▶ **TASK GOAL**: All that is wanted is the exact text of the lines below from the one with "Naklejka premium ロクセンスズメダイ群れ 小笠原" through the one with "Rodzinny narkobiznes w sercu Warszawy", inclusive, minus any pictures.

▶ **ENTRIES SHOWN**:
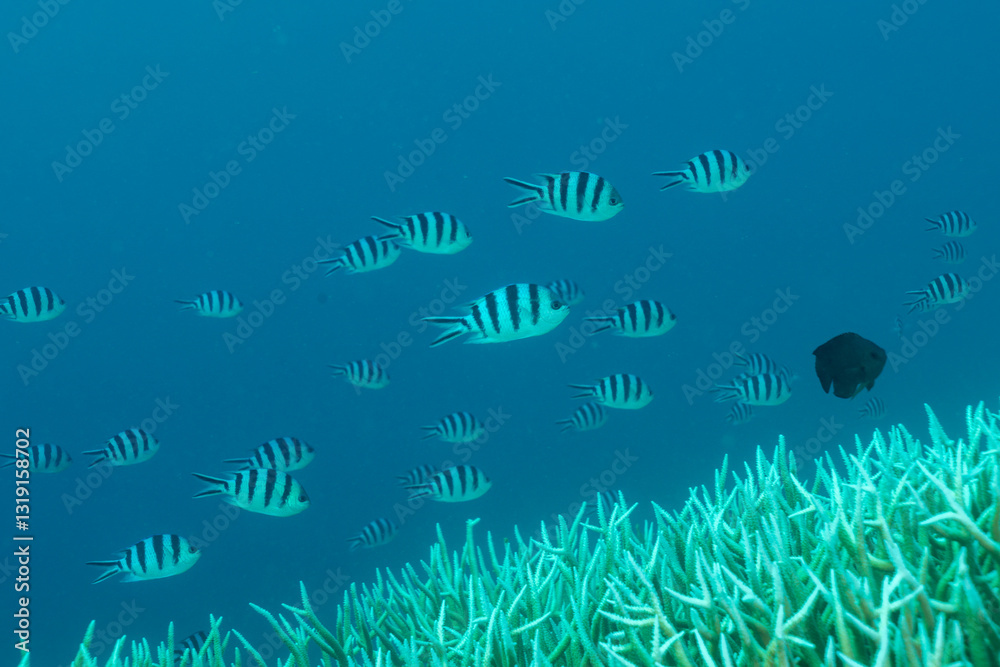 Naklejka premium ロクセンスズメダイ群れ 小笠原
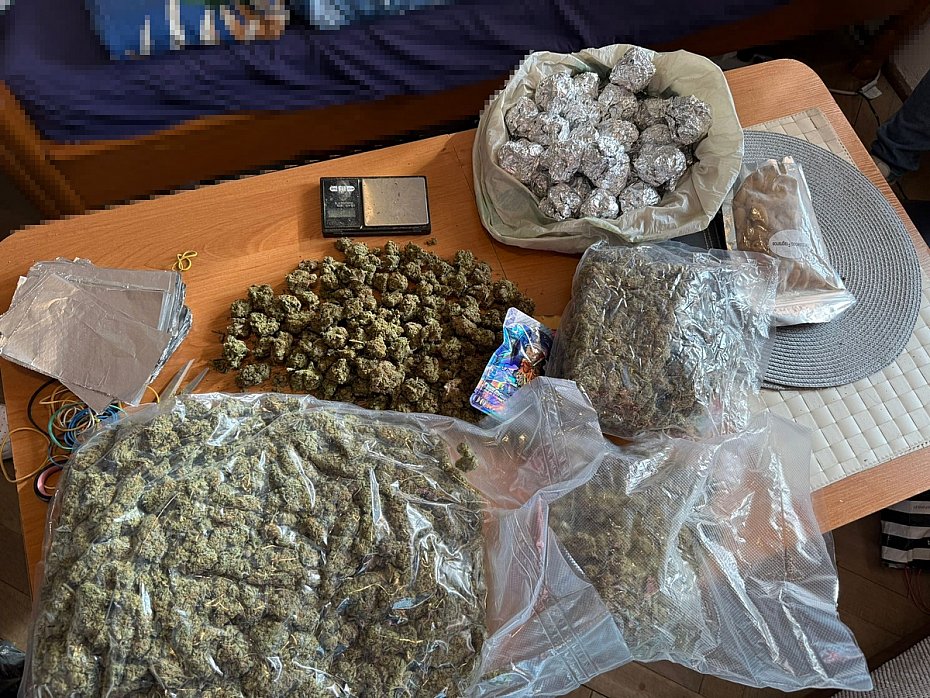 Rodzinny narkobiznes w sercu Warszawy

* * *

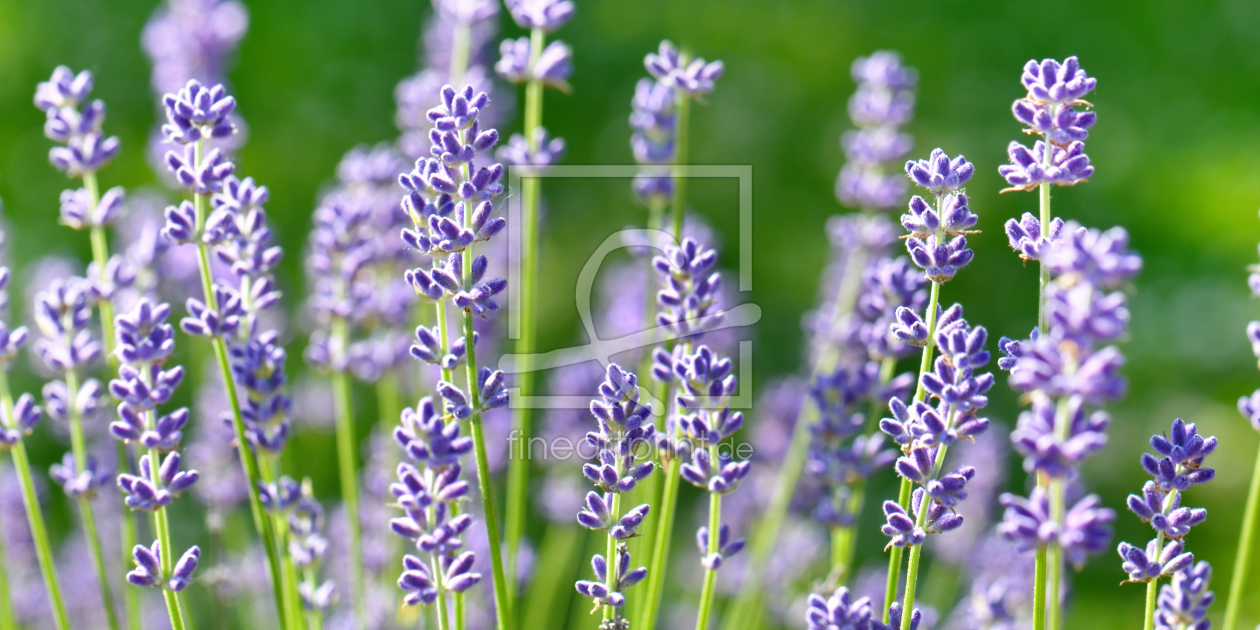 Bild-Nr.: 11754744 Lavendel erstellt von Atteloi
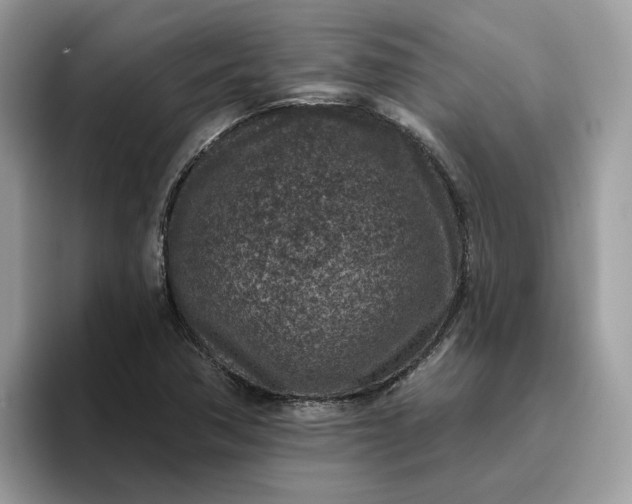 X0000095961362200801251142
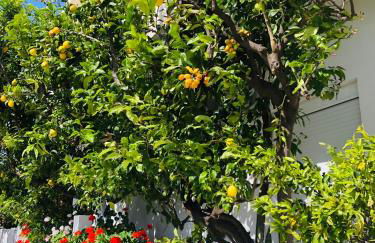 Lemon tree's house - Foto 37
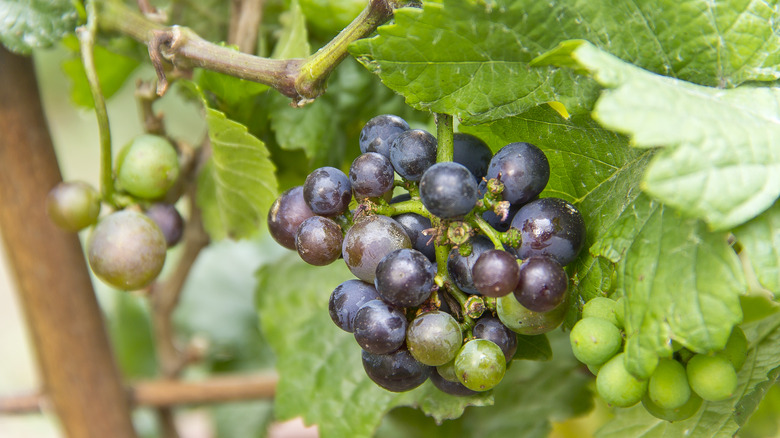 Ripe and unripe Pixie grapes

--

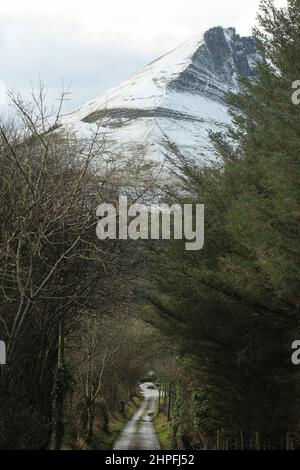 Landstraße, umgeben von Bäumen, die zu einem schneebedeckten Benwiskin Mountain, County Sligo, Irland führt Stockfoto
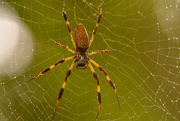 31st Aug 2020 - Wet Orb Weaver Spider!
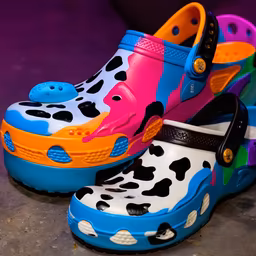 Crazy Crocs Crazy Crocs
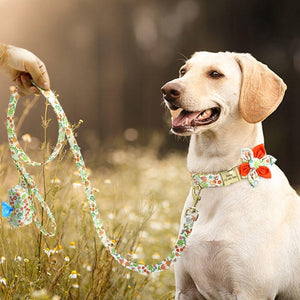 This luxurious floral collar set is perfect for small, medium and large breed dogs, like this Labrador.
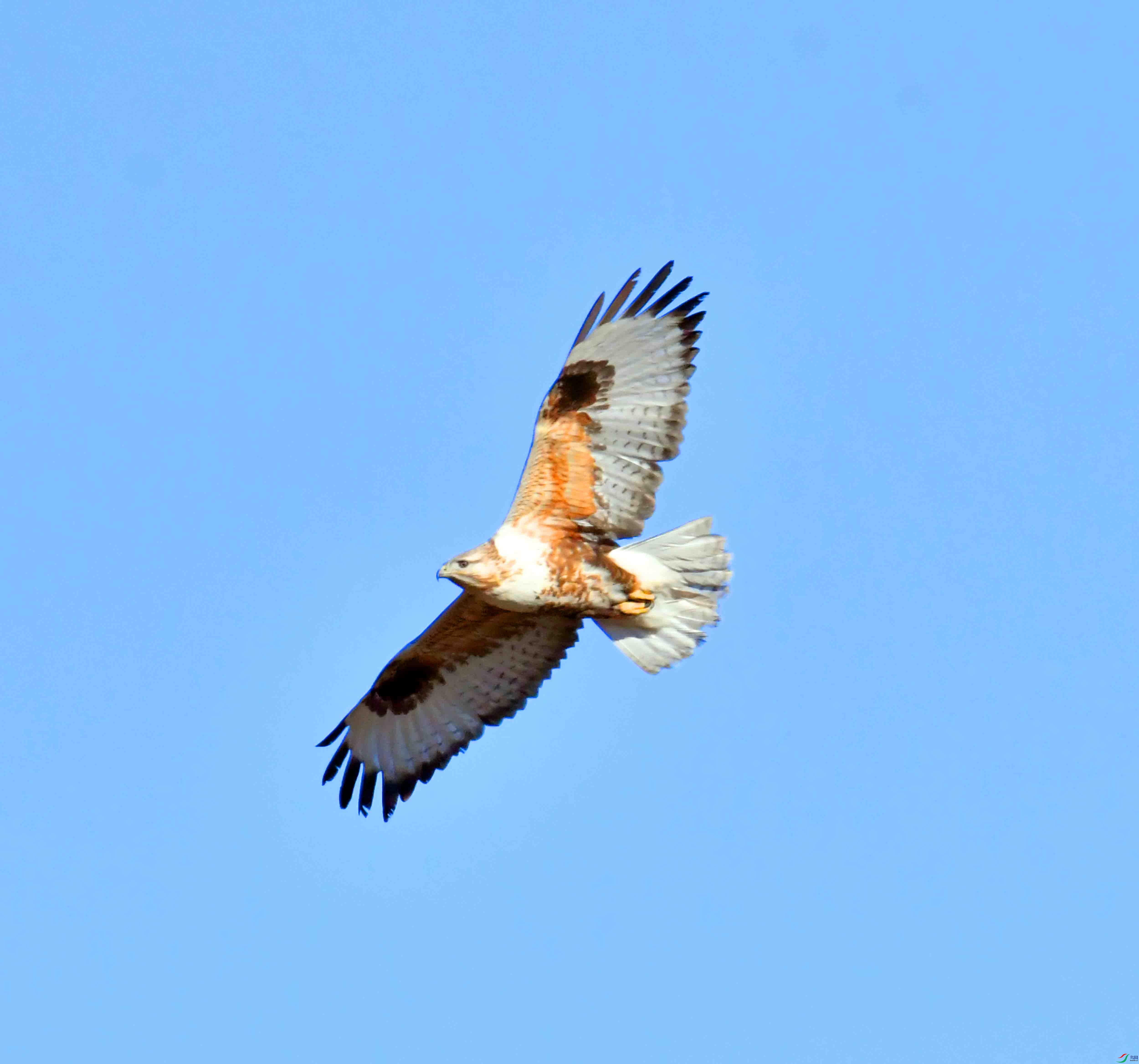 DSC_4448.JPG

▶ **OUTPUT**:
 Naklejka premium ロクセンスズメダイ群れ 小笠原
 Rodzinny narkobiznes w sercu Warszawy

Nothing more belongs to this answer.